All systems are operational

Past Incidents

Thursday 17th June 2021

No incidents reported

Wednesday 16th June 2021

Infrastructure PAR: Network accessibility issue

We are currently experiencing a network accessibility issue on our PAR zone. We are investigating.

EDIT 12:21 UTC+2: Our network provider is looking into the issue.

EDIT 12:28 UTC+2: Deployments on other zones might not correctly work. But traffic shouldn't be impacted.

EDIT 12:30 UTC+2: Network connectivity seems to be back. We are awaiting confirmation of incident resolution from our network provider.

EDIT 12:35 UTC+2: Our network provider found the issue and fixed it. Network is back online since 12:30 UTC+2. Investigation will be conducted to understand why the secondary link hasn't been used.

EDIT 12:42 UTC+2: A postmortem will be made available later once everything has been figured out.

EDIT 12:50 UTC+2: The deployment queue is currently processing, queued deployments might take a few minutes to start

EDIT 13:00 UTC+2: Logs may also be unavailable depending on the applications

EDIT 13:20 UTC+2: Deployment queue still has a lot of items, the build cache feature is currently having troubles which slows down deployments.

EDIT 14:33 UTC+2: Deployments queue is now lower but there are still some issues with some of them. Logs are also partially available

EDIT 15:30 UTC+2: The build cache feature still has troubles, we are currently working on a workaround. Logs should now be back but there is a delay in processing which might affect availability on the Console / CLI. They might be a few minutes late.

EDIT 16:04 UTC+2: Some applications linked to FSBuckets systems might have lost their connection to the FSBucket, increasing their I/O and possibly rebooting in a loop for either Monitoring/Unreachable or Monitoring/Scalability.

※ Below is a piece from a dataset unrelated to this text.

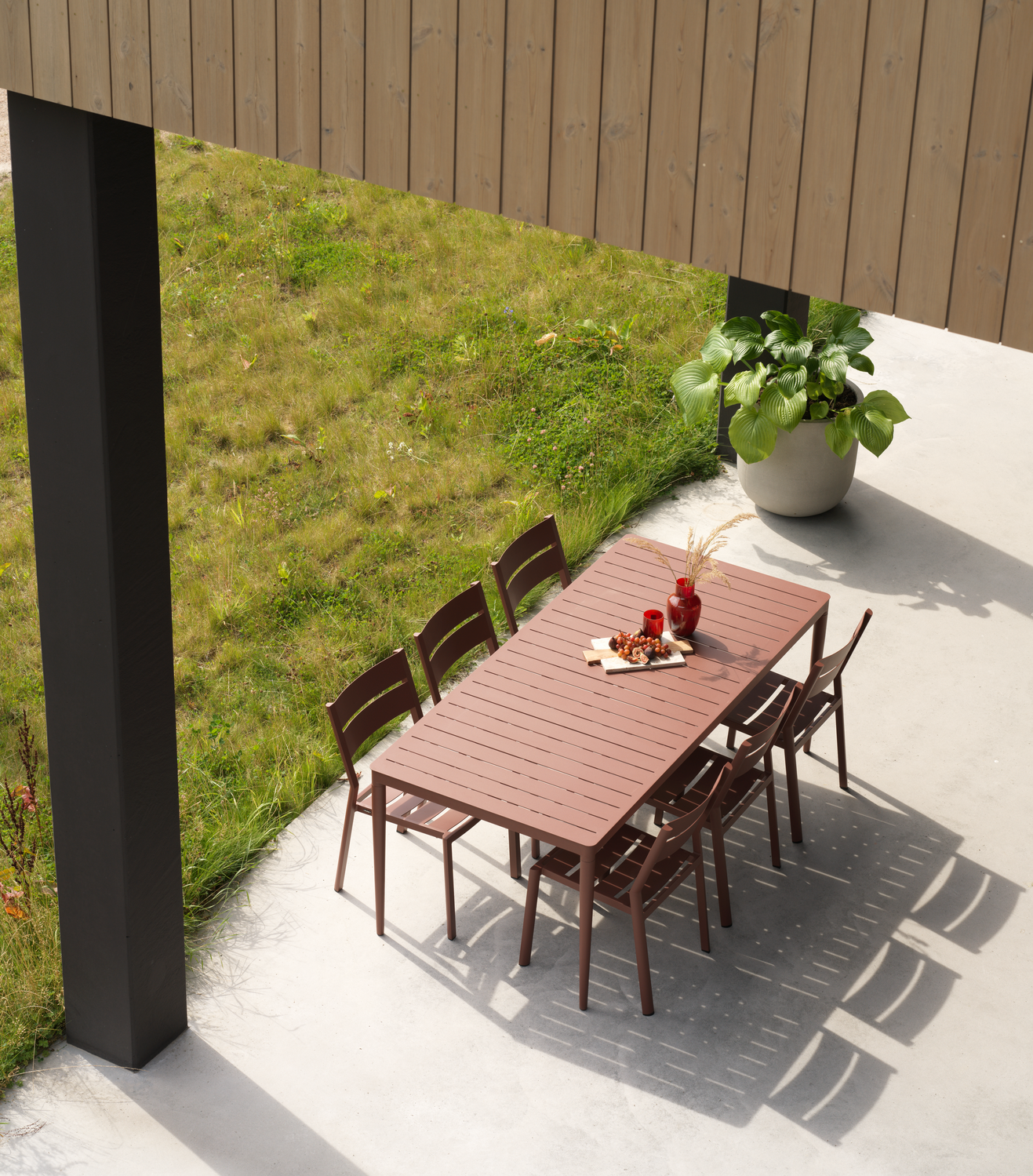 Bigby dining table Zin Red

This can cause response timeouts, especially for PHP applications

EDIT 16:16 UTC+2: Build cache should be fixed, meaning that deployments should take less time

EDIT 16:53 UTC+2: There is still a lot of Monitoring/Unreachable events that are being sent, making a lot of application redeploy for no good reason. We are still working on it.

EDIT 17:18 UTC+2: The issue with Monitoring/Unreachable events has been fixed. The size of the deployments queue should go down.

EDIT 18:07 UTC+2: Most issues haves been cleared up. PHP applications may still be experiencing issues, we are working on it. If you are experiencing issues on non-PHP applications, please contact us.

EDIT 19:05 UTC+2: All PHP applications have been redeployed. If you are still experiencing issues, please contact us. All other applications which have not already been redeployed since the beginning of the incident will be redeployed in the next few hours (to make sure no apps are stuck in a weird state).

Tuesday 15th June 2021

Planned maintenance on Metrics storage backend, scheduled 1 day ago

Planned maintenance of the storage backend of Clever Cloud Metrics (used for access logs as well) will occur on 2021-06-15 at 11:30 UTC.

The maintenance itself should take no more than an hour. During this time, writes will be queued and reads will be partially available.

Once the maintenance is over, queued-up writes will start being ingested, reads will be available again (except for recent data until queued-up data points are ingested).

11:36 UTC: Maintenance is starting.

12:04 UTC: Maintenance is over. The ingestion pipeline is running at full speed catching up on the queued-up data.

12:18 UTC: Ingestion is caught up.

Monday 14th June 2021

No incidents reported

Sunday 13th June 2021

Reverse Proxies Public reverse proxies issues

We are experiencing issues with public reverse proxies.

EDIT 16:58 UTC: we mitigated the issues.

Saturday 12th June 2021

No incidents reported

Friday 11th June 2021

Reverse Proxies PAR: Reverse proxies instability

Reverse proxies on the Paris zone are experiencing instabilities. We are investigating.

EDIT 18:04 UTC+2: One of the reverse proxy stopped accepting new connections. It has been put out of the pool for further investigation. Stability should have been resumed since 2 minutes.

EDIT 18:18 UTC+2: Performance is back to normal. We are going to investigate further why this reverse proxy went into this state without being noticed.

MongoDB shared cluster MongoDB shared cluster on Paris zone is overloaded

MongoDB shared cluster on Paris zone is overloaded. We are investigating what is most likely due to excessive ressources usage of some users.

As a reminder, this cluster is only used by free plans labeled "DEV". This is meant to be used for development and testing purposes only, not production.

If you are using a free plan in production, we suggest you migrate to a dedicated plan using the migration tool in the Clever Cloud console.

10:43 UTC: The cluster is working fine now although it may be slower than usual for now as a node is out of the cluster and will be re-added later.

12:23 UTC: The node mentioned in the last update has been re-added. The incident is over.